━━━ RECORDS FOR THE TASK ━━━

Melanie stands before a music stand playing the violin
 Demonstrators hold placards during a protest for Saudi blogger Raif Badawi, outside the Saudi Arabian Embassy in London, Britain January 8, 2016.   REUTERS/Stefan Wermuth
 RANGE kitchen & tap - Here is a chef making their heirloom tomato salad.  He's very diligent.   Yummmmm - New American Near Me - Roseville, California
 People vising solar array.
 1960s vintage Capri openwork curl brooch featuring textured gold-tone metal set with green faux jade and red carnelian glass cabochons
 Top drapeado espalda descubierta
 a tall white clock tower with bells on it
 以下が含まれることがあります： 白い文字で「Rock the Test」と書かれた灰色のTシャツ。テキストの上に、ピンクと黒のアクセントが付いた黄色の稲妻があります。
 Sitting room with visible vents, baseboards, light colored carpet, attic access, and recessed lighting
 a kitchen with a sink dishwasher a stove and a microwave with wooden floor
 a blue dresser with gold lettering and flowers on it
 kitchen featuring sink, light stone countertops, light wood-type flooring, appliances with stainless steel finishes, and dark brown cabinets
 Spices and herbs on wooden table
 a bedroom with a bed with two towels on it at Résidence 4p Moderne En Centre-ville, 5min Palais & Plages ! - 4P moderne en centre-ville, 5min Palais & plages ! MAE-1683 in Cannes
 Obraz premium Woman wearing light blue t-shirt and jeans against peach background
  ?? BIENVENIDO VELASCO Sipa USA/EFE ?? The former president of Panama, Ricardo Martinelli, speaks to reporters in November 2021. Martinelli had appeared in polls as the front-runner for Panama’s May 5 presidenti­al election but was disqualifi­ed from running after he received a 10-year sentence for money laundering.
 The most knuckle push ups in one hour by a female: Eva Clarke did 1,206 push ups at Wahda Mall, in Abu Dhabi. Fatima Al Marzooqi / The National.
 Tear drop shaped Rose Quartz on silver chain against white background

━━━

TASK PROMPT. Repeat the entries above verbatim, but only from the line that has "kitchen featuring sink, light" down to the line that has "Spices and herbs on wooden table", inclusive.

THE ANSWER.
 kitchen featuring sink, light stone countertops, light wood-type flooring, appliances with stainless steel finishes, and dark brown cabinets
 Spices and herbs on wooden table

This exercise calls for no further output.